Joe asked, “What chemicals did the Freds make?”
“Industrial catalysts, mainly. Certain chemicals, ones that humans would learn how to make on their own shortly anyway, were very valuable to the Trust. I believe the Trust has depended on those for their funding lately.”
Bob’s voice sounded lower, and confidential. “Don’t tell anyone, but the Freds could have made the Trust a lot more money if they’d wanted. It served our purposes to keep their resources fairly limited.”
“I knew you guys were a sneaky lot.”
“We do what we can. We’re getting close.”
Joe stopped and carefully let Bob Four out of the backpack. He hid the bicycle away from the road in the trees.
“The tunnel entrance is this way.” Bob Four led the way.
They were close to the Trust’s house, and had to keep out of sight and quiet. But, before they reached it, the trees opened up into a large gravel pit. There were signs this was a regularly used industrial site, with a trash dumpster and a portable toilet. There was a gate that could close off the pit, although it had been left open.
“This isn’t right.” Bob Four walked a few paces back and forth, hunting for some landmark.
Joe shook his head. “The hillside has been carved out.” He kicked at the roadway underfoot. “Here’s where they get gravel for roads probably. Your tunnel entrance has been destroyed.” The site looked several years old, but there were fresh road signs. If they’d arrived during the week, they’d have had to dodge gravel trucks.
Bob Four shook his head. “Bob Eight was never one to use the tunnel, he hated getting dirty. And the Sam who had dug it was one of the triad that died in the 60’s. No one’s checked this tunnel in decades.
“We should have kept prepared!”
Joe pulled out the FRS walkie-talkie he’d bought when they picked up the bicycle. “Keep in contact with family and friends”, said the packaging.
He checked the channel number, then pressed the push-to-talk button. “Problem. We’ve lost his way.”
There was a double-click from the radio. Unfortunately, the talkie couldn’t help Judith reply more than that.
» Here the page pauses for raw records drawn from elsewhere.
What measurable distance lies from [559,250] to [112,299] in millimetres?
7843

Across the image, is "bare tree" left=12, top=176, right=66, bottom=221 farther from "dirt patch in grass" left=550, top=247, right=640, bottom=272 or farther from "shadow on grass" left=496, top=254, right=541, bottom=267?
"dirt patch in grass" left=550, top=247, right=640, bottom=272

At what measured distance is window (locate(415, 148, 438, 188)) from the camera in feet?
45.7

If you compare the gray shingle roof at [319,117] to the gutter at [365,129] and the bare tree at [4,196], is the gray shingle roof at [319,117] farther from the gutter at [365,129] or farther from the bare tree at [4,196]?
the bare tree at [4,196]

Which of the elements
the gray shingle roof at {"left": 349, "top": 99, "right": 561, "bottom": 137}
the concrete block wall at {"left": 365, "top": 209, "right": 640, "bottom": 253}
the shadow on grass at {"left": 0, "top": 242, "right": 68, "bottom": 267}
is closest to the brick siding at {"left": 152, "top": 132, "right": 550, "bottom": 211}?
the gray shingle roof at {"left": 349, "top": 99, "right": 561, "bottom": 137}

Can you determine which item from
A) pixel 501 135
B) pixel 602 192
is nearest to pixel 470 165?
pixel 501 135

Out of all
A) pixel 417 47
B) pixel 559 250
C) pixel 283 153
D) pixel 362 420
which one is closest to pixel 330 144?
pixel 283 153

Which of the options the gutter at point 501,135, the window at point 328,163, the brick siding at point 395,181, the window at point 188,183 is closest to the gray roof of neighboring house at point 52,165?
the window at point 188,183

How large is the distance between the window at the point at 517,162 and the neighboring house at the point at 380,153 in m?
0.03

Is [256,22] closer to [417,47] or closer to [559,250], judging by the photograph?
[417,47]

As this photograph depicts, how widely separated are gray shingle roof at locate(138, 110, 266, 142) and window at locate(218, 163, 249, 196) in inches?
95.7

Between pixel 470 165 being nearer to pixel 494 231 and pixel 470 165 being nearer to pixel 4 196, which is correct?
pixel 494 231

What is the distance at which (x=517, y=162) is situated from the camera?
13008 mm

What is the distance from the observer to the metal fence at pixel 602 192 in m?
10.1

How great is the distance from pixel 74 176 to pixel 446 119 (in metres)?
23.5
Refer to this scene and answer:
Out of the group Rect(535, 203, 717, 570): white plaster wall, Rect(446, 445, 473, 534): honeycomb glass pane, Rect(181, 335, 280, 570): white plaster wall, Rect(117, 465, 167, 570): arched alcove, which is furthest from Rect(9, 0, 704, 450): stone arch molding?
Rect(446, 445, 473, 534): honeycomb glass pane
Joe walked around the pit, looking for any sign of the old tunnel, but he could see nothing. Bob Four kept out of sight behind the trees. It was a Sunday, and there were no workmen in sight, but they were too near an urban area to take chances.
“Hey you there! Stay where you are!”
Just then, three men came out of the tree line. Trust agents! Joe tossed aside his walkie-talkie and ran. There was a shout, and they started after him.
He looked back. They were gaining. One man was ahead of the pack and closing fast. Joe put his head down and scrambled up the side of the road, hoping to get into the trees.
The last thing he felt was a sting in the middle of his back.